- Task directions:
Among the entries that follow, the required portion opens with the line containing "Building Photo - 3303 Wyndham Cir" and closes with the line containing "2023 Porsche 718 Cayman - Image 16 of 31". Give that portion again exactly, and nothing else.
[Exercise data — start]
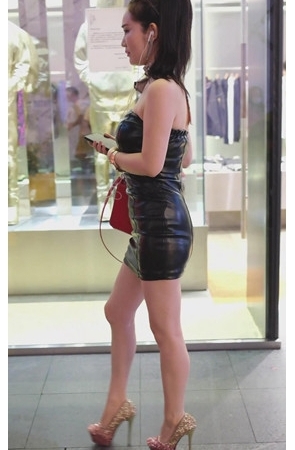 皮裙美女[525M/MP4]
[Exercise data — finish]
[Exercise data — start]
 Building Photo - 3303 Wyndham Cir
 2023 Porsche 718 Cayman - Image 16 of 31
[Exercise data — finish]
- Exercise output:
 Building Photo - 3303 Wyndham Cir
 2023 Porsche 718 Cayman - Image 16 of 31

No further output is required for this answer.